Vivemos semanas curiosas. Agências de rating e organizações internacionais, através de relatórios e comentários, avisam-nos de que as coisas não vão bem em Portugal. Os investidores internacionais, através da alta dos juros, confirmam o alarme geral. Mas isto é fora de Portugal. Porque cá dentro, tirando o desmancha-prazeres que dá pelo nome de Passos Coelho, as oligarquias acham que tudo corre excelentemente. O presidente da república, sacrificado no papel de Dr. Pangloss do regime, descobriu até que o país está na “trajectória correcta”. Só lhe faltou revelar aos portugueses para onde leva essa trajectória.
Quando António Costa se juntou ao PCP e ao BE, ainda parecia haver uma orientação. A prioridade era obter crescimento económico através do consumo interno e do investimento público. Na Europa, Portugal ia integrar a aliança meridional contra o espartilho germânico. Era uma opção. Podia não ser a melhor, mas era uma opção. Só que não foi nada disso que se passou.
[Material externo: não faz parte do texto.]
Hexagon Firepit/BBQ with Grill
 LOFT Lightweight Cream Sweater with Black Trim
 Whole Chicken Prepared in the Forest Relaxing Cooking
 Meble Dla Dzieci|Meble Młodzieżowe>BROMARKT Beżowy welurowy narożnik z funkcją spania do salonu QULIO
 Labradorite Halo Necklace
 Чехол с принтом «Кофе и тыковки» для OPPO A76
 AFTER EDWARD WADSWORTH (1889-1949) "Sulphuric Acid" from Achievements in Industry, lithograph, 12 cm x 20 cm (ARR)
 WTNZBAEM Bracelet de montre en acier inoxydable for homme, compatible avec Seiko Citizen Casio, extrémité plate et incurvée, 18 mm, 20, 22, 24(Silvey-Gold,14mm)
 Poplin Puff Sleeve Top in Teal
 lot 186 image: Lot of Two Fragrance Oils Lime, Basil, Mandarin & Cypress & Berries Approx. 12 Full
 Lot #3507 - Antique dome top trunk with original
Os partidos que menosprezavam a redução do défice, não falam agora de outra coisa. Os partidos que choravam pelo investimento público, cortaram-no agora até ao osso. Os partidos que protestavam contra o euro e o tratado orçamental, andam agora distraídos. Mas eis o que sucede: apesar de tão bom comportamento, os juros sobem. Sobem para todos? Mas as diferenças de Portugal em relação aos outros também aumentaram.
O problema é, precisamente, a “trajectória”. Portugal não arranca, apesar crédito e do petróleo baratos. A economia cresce menos do que em 2015 e a dívida aumenta a ritmos recordes para acomodar as reversões, como notou há tempos João César das Neves. É o que se pode esperar de uma sociedade envelhecida e descapitalizada? Mas se essa é a sociedade que temos, é prudente aumentar os compromissos do Estado, para depois ter de os compensar com mais impostos, cortes e cativações?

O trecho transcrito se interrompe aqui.